Neden başkana rağmen Kent Konseyi olamıyor?

E bir kere, bütün nakdi desteğini, yerini, personelini belediye sağlıyor.

En önemli eksiklik, bütçesizlik mi kent konseyi için? Ne olması gerekir? Kent konseyinin görevi nedir?

Bütçesizlik değil, ilişkisizlik bence. Yerel yönetimin hiyerarşi şeması içinde konseylerin bulunduğu yeri kavramamış olmak ve alabileceği fark edememek bu ilişkisizliği yaratıyor.

Kent Konseyi’nin 3 Asli İşlevi: Kolaylaştırıcılık, Müzakereye Alan Açmak, İzleme-Değerlendirme 

Neler öğrendiniz bu süreçte, hangi deneyimler değerli ve yol gösterici oldu sizin için?

5 yılda 3 mesele kendiliğinden süzülüp ön plana çıktı. Kanımca bu 3 mesele sadece İstanbul Kent Konseyi için değil, bütün kent konseyleri için de geçerlidir. Böyle bir yapı neden var? 

Öncelikle kolaylaştırıcılık için var. Kent konseyinin her üç görevde de kolaylaştırıcılık rolünden bahsedilebilir. Birinci görevi, sivil toplum ve yerel yönetim arasında bir köprü oluşturmak. İkisi arasındaki ilişkileri yaratabilmek. Ama bu ilişki yaratmak şu değil: “biz belediye ile görüşmek istiyoruz, şöyle bir projemiz var, belediyeyle birlikte yapmak istiyoruz; gidelim, sizin için bir randevu alalım.” Aslında o bir araya geliş, muhtemel bir katılım aktivitesinin, bir katılım sürecin başlangıcı.

Ve biz orada o ilişkinin nasıl gerçekleştiğini, nasıl geliştiğini, oluyorsa nasıl olduğunu, olmuyorsa neden olamadığına şahitlik ediyoruz, gözlemcilik yapıyoruz ve zaman zaman da kendi bakış açımızla “böyle olamaz mı? böyle düşünülemez mi?” gibi geri dönüşler verebiliyoruz.  

İkincisi bu ilişki niye yaratılıyor? Belediye kendi hizmet ve ürün repertuarı içinde bir şeyleri ortaya koyuyor aslında, büyük bir güçle, gelişen zamanı, ihtiyaçları falan takip ediyor. Ama sonuç olarak belediyenin içindekilerin büyük çoğunluğu bir konuyu en iyi yapan kişi olarak oraya gelmiyor. Yaratıcılıkta, heyecanda sınırlar olabiliyor.

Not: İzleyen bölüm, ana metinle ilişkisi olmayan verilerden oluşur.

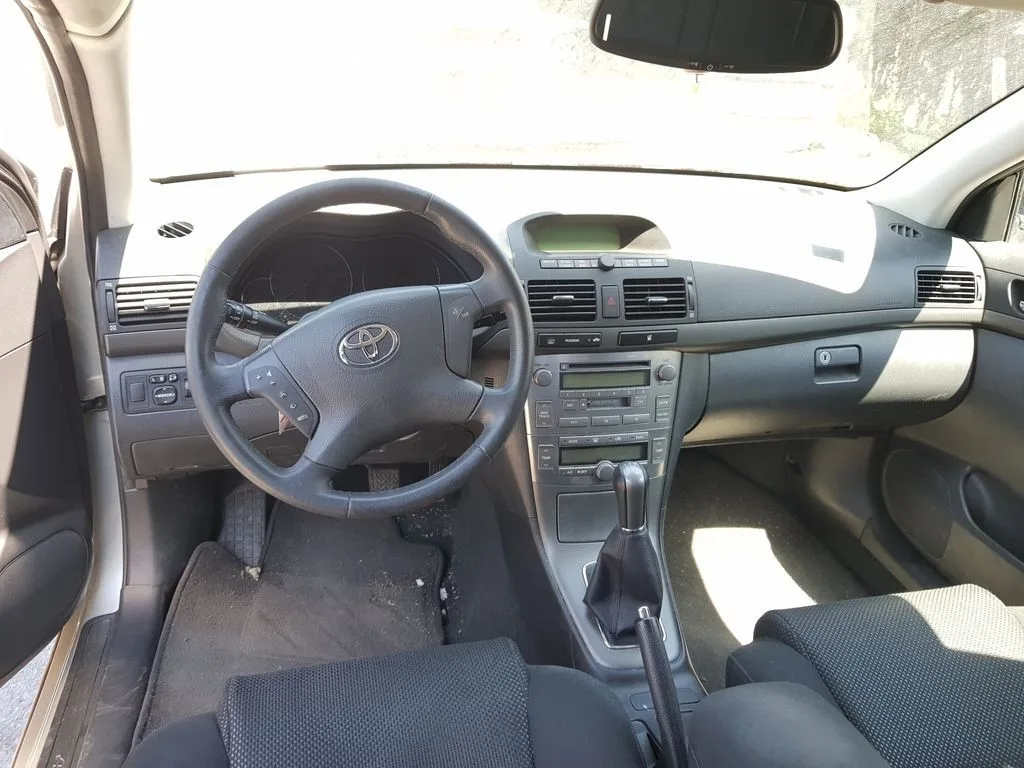 TOYOTA AVENSIS BERLINA (T25) '2005 1.8 SOL SEDAN (4-PTAS.) GRIS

Ama yurttaşlar ya da STK temsilcileri ihtiyacı tanıyorlar ve dolayısıyla yeni bir bakış açısını sunabiliyorlar. İşte bu bakış açılarını müzakere edebilme imkanlarını yaratmak için var kent konseyi. Müzakereyi gerçekleştirebilmek için bütün paydaşların, o konuyla ilgili olan bütün paydaşların aynı anda masada olabilmesi önemli. En azından kritik anlarda aynı anda, onları bir arada oturtmak. 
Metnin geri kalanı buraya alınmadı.